If you’ve spent any time reading my blog, you know I’m a cheerleader for the things I love. When I find some creative work that captivates me, I want to shout it to the world.

But I make my recommendations knowing that what interests me may not appeal to others. One of the fantastic things about all artistic endeavors is their subjectivity. I may love something that others hate. Or you may rave about a creative work that I simply don’t understand. Fortunately, the world is wide enough for a multitude of visions.

One universal thing is that creative people need to know we love their work. We have a lot of ways we can show that love.

Andi Cumbo-Floyd recently shared a post about ways to support writers you love.

Building from her suggestions, I’d like to mention ways we can support other artists, not just writers. We can buy tickets for their films and watch their TV shows faithfully. We can attend gallery shows and concerts. We can purchase their books, albums, photographs, or paintings from legitimate retailers.

(Please, for the love of whatever you hold to be holy, DO NOT use downloading sites to access pirated copies of ANY media. Support artists by purchasing their work. If you can’t afford to buy it, then borrow it at your local library. Don’t be an asshole.)

We can also give their works online reviews. Admittedly, I’m pretty bad about reviewing on Amazon.com or GoodReads. That’s partly because writing reviews would take away time from my own writing. (Plus, I have privacy concerns about Amazon and its GoodReads subsidiary.)

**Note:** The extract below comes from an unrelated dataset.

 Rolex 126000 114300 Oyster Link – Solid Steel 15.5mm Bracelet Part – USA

My favorite way of supporting artists I enjoy is to contact them via email or social media. Most artists have some kind of contact form on their websites. Or an email address or link to their social media accounts. I’ve also sent an old-fashioned letter if a mailing address is available.

Sometimes, the artists I’ve contacted have been gracious enough to reply. Usually, the replies come from writers, and most often from women who write. The most common response I get is the person thank me for contacting them and for reading their work.

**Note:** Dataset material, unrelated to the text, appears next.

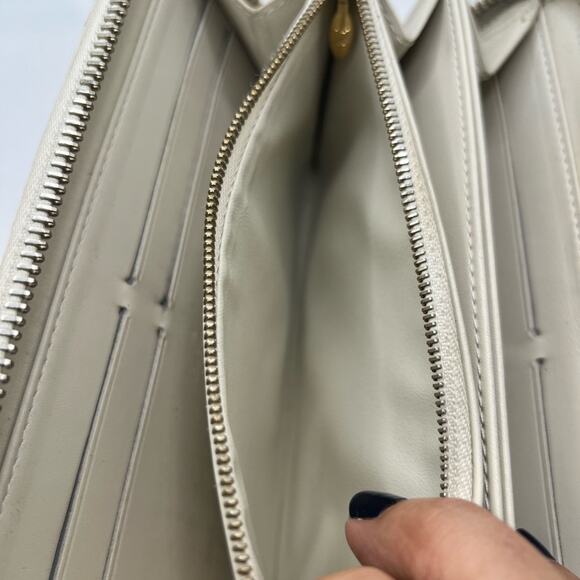 Louis Vuitton Cream Vernis zippy Wallet - Picture 10 of 12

There’s an old saying that we should always be kind to others because we don’t know what kind of battles they’re facing on any given day. I think that’s especially true of artistic people.

A lot of artists work in solitary situations. Even if someone works collaboratively (like in film or TV), it can be months or years before they see the end results of their efforts. Reaching out to artists you like could be the encouragement they need on a difficult day.

If you choose to contact an artist, please keep your note positive. Every artist I know already carries an internal critic that shits all over their every move. We really don’t need so-called fans adding to it.

And don’t expect a reply. Given how often doxxing occurs these days, a lot of artists are becoming harder to contact. Or they simply have decided not to reply to any messages because they fear the person could turn into a stalker if they do.

But that doesn’t mean you shouldn’t reach out and thank creatives for their work. Even if they don’t or can’t reply, a friendly, supportive note from a genuine fan could be what gets them over a particularly tough day.